Now, he said, he’s watching something similar happen with climate change.

Likens research and his legacy are intimately tied to the White Mountains. It began in 1963 when Likens was a professor at Dartmouth College. He was the lead scientist of a team studying streamwater chemistry in the Hubbard Brook Experimental Forest outside Lincoln, the U.S. Forest Service’s forest-laboratory of the White Mountains. His team wanted to know how the forest worked, to understand the inputs and outputs, what made it tick. They weren’t looking for anything specific, Likens said, but what they they found surprised them: water infused with sulfur dioxide and nitrogen oxides, a concoction capable of leaching aluminum from the soil and depositing it downstream in lakes and rivers, and also capable of killing insects, fish and plants along the way.

What they found was acid rain.

“The very first sample of rain we collected was very acidic,” said Likens, with acidity levels 100 times above normal. “Nobody knew there was a problem,” he said. “It was pure serendipity. So much of science is that way. We didn’t set out to discover acid rain. It was there and we ran with it.”

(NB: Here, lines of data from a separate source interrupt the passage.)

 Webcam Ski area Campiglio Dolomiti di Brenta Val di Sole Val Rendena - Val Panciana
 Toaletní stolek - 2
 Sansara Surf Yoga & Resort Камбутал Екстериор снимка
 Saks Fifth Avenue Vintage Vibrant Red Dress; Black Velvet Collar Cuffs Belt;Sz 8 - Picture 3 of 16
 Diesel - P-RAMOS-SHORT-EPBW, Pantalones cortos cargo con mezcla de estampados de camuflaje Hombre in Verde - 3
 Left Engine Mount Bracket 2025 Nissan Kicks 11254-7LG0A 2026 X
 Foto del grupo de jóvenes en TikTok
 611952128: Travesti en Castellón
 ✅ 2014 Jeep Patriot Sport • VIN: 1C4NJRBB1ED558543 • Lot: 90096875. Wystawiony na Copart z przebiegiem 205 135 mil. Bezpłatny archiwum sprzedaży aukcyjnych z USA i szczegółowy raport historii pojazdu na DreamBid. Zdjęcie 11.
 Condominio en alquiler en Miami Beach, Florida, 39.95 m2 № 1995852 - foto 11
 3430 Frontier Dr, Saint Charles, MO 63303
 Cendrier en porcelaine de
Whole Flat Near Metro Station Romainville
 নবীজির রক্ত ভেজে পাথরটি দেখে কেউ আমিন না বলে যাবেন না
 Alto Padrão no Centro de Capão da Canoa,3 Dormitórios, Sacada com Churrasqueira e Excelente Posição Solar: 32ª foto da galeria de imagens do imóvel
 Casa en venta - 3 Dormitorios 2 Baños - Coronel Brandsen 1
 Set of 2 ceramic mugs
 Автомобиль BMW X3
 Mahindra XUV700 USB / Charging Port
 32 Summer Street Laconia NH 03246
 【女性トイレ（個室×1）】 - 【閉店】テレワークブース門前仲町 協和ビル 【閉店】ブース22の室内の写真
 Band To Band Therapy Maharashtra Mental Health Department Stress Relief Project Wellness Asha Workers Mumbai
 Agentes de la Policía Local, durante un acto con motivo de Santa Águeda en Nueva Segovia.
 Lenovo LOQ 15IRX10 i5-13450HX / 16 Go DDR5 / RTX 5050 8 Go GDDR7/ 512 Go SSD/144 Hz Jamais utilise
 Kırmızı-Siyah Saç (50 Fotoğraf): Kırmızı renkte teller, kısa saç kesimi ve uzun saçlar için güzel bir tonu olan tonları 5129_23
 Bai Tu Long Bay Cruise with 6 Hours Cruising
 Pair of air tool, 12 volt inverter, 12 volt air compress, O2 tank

Their research led to an article in the journal Environment in 1972. Two years later Likens, now a professor at Cornell University, replicated the experiment in the Finger Lakes region of central New York, where again they found sulfur dioxides and nitrogen oxides in the water. He and a colleague published again published their findings, this time in the journal Science.

That’s when their research got noticed.

“It was picked up by the New York Times,” Likens said. “It ran on the front page.”

The year was 1974. Acid rain for the first time was in national headlines. It would be another 16 years before Congress passed revisions to the Clean Air Act to curb the industrial pollution that was the cause.

From acid rain’s discovery in 1963 to Congressional action in 1990, all of it started in the White Mountains, in the Hubbard Brook Experimental Forest, which Likens calls one of the most studied ecosystems on the planet.

“We are much more effective stewards when we have long-term monitoring to guide us,” Likens said, “but the reality is such studies are quite rare.”

Likens research has included collecting decades of stream water chemistry data and associated rainfall information, creating one of the longest such records for any site on Earth. “And I’m still doing it,” he said.

And scientists in other disciplines have been doing similar work, leaving long records that allow researchers to see trends over time.

“So with climate change we can say what happened,” Likens said, “and what is happening.”

Birds in the forest, for example, are arriving earlier. Buds sprout earlier. Mirror Lake, “probably one of the most studied lakes in the world,” he said, is now covered by ice 20 days less each winter than in years past. The planet is definitely warming.

But when it comes to climate change some people push back against the science. And they doubt human involvement. Likens said he seen this before, that it was the same debate over causation that raged with acid rain.

But as a researcher, Likens said, his job is not to get lost in those arguments. A researcher’s job is to continue working, he said, to explore and examine, to collect data and ensure a record exists of what happens in the world.

“I’m not an advocate,” Likens said. “I’m not a politician. I’m a scientist.”

 

A version of this story ran in Saturday’s Conway Daily Sun.